Nos primeiros meses após a Revolução dos Cravos surgiu em Portugal uma multitude de novos partidos políticos que, compreensivelmente, não estavam devidamente organizados. A 6 de maio de 1974 fora criado o Partido Popular Democrático (PPD, atual PSD), liderado por Francisco Sá Carneiro e representativo de uma tendência política mais próxima do centro direita, englobava os antigos elementos da Ala Liberal. Já em julho desse ano, é criado o Centro Democrático Social (CDS), sob liderança de Diogo Freitas do Amaral, Adelino Amaro da Costa e Xavier Pintado, numa tendência próxima da democracia cristã. Herdeiro das movimentações políticas vindas ainda do regime autoritário, assinalamos a existência do MDP/CDE (Movimento Democrático Português/ Comissão Democrática Eleitoral), resultado da plataforma eleitoral preparada nas eleições de 1969, mas que contava com uma forte influência do PCP, tendo participado em todos os governos provisórios. Apenas o PCP tinha uma estrutura nacional com quadros próprios, que vinha já do tempo da ditadura. O PCP, liderado por Álvaro Cunhal, era claramente pró União Soviética. A sua ascensão na cena política portuguesa levantou nos aliados ocidentais de Portugal uma enorme preocupação, receando que Portugal, um país no seio do bloco ocidental, se transformasse num bastião comunista, uma espécie de Cuba no backyard europeu. Para evitar a crescente influência do PCP e da URSS em Lisboa, os países ocidentais, em particular a RFA, procuraram intensificar a sua presença em Portugal, quer fosse através da constante troca de visitas oficiais, quer ao nível do intercâmbio de peritos políticos, com destaque para a contínua presença de representantes do SPD e da FES em Lisboa15.
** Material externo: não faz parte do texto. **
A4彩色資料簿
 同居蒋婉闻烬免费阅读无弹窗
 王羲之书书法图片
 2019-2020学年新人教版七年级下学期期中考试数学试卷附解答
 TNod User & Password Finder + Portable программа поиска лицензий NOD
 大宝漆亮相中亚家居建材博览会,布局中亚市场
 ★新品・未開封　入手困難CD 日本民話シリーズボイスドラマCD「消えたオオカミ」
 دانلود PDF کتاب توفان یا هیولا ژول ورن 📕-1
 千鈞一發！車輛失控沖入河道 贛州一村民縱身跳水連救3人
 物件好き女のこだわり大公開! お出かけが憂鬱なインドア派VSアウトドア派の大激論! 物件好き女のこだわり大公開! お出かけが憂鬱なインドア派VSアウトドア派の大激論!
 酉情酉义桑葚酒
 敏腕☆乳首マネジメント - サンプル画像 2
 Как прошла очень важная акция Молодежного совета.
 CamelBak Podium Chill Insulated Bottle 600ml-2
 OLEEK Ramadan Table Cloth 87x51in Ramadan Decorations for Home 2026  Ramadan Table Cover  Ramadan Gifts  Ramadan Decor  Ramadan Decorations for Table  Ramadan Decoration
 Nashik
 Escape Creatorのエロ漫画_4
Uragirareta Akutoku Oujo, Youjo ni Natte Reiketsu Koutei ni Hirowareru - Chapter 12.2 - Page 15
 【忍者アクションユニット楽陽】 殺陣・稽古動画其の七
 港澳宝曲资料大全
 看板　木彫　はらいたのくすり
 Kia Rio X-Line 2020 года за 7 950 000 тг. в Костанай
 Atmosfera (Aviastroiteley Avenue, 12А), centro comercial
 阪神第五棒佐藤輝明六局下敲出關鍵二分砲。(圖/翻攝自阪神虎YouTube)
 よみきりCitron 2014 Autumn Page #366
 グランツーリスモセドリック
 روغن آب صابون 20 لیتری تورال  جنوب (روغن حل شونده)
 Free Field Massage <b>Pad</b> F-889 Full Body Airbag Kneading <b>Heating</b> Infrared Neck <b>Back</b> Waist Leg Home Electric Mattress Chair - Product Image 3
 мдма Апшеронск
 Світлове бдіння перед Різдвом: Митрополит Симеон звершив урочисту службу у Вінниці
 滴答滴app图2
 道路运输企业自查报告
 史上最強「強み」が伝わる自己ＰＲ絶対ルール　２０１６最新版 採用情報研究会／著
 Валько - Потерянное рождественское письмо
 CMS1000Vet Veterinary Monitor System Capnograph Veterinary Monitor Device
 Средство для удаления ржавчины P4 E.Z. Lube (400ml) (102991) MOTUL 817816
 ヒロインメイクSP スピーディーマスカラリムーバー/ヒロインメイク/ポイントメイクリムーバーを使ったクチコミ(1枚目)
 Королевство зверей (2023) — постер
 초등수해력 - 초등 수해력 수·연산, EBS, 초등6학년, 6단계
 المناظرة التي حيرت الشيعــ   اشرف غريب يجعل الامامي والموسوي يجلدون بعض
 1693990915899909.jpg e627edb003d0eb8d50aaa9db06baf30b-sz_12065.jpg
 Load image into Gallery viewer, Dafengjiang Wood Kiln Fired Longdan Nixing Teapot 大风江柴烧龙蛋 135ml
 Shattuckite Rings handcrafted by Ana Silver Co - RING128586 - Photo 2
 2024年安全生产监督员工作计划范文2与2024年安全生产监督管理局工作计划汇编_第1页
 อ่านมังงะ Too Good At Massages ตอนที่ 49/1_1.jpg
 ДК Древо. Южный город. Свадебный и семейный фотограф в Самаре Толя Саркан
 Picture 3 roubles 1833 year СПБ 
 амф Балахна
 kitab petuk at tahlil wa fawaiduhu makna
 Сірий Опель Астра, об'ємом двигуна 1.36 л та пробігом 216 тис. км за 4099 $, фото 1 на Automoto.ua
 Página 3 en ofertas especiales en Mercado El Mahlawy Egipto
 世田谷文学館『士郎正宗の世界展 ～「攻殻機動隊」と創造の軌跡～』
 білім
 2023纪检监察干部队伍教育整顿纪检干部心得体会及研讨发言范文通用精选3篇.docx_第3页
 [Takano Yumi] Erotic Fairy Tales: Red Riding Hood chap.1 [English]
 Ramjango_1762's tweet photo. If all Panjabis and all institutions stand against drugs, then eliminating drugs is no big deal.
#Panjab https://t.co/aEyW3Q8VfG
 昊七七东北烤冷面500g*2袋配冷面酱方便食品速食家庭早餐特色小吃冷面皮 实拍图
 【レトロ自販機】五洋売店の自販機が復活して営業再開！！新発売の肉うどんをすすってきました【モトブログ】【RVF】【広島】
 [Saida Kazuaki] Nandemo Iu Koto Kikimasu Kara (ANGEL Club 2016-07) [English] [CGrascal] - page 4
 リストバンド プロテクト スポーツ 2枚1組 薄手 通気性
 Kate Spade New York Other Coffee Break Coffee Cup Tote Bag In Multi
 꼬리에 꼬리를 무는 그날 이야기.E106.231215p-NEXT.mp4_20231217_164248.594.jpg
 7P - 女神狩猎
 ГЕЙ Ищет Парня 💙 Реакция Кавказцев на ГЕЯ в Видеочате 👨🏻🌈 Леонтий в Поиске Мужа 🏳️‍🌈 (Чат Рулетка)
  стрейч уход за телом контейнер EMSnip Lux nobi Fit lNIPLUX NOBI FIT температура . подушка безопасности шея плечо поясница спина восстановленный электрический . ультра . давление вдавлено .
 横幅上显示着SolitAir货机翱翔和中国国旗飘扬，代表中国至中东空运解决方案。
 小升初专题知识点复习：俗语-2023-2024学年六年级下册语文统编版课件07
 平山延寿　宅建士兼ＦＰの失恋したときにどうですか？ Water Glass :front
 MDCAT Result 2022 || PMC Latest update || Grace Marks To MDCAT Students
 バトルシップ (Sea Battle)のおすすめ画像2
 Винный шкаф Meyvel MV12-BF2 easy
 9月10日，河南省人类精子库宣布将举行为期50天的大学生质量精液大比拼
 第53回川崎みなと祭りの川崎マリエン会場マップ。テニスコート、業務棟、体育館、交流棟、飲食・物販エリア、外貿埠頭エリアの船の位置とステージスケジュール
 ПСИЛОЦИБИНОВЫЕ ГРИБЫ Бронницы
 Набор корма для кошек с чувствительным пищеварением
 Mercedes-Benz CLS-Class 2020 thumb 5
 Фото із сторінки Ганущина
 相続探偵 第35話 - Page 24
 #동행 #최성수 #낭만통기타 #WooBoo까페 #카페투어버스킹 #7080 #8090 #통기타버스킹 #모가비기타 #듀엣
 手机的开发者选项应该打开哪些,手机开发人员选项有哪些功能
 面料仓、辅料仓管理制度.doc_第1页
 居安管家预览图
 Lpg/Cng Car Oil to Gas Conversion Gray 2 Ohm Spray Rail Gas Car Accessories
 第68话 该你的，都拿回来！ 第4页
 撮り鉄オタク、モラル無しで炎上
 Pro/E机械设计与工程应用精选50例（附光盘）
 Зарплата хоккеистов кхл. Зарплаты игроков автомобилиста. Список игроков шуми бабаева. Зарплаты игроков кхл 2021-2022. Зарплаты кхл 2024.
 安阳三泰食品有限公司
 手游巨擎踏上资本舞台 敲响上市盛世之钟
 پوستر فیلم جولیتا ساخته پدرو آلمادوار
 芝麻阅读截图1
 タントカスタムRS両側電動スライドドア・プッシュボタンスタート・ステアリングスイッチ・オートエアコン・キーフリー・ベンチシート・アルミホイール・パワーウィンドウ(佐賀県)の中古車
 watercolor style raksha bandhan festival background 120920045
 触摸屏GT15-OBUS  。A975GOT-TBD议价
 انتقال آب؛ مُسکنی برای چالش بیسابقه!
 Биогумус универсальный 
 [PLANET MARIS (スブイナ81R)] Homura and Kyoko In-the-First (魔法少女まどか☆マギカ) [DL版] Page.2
O outono de 1974 trouxe o princípio da radicalização das tendências políticas em disputa no processo de democratização português, mas nem por isso as autoridades deixaram de avançar com a regulamentação do funcionamento do aparelho de estado. A peça legislativa fundamental para a elaboração da constituição do novo regime democrático foi a lei eleitoral, publicada pelo Decreto Lei 621A/74, de 15 de novembro. Nele se definia o sufrágio universal aos cidadãos de ambos os sexos, maiores de 18 anos, residentes em Portugal e nos territórios ainda sob administração portuguesa, sem exclusão dos analfabetos. Apesar da grande e crescente influência das Forças Armadas na vida política portuguesa, os militares eram, segundo a lei eleitoral, inelegíveis16. Era assim atribuída exclusiva responsabilidade na composição da futura Assembleia Legislativa aos eleitores portugueses, que teriam a possibilidade de decidir o equilíbrio das forças partidárias na elaboração da Constituição. Isto tornar se ia central para o futuro do processo político e para o conteúdo do texto constitucional.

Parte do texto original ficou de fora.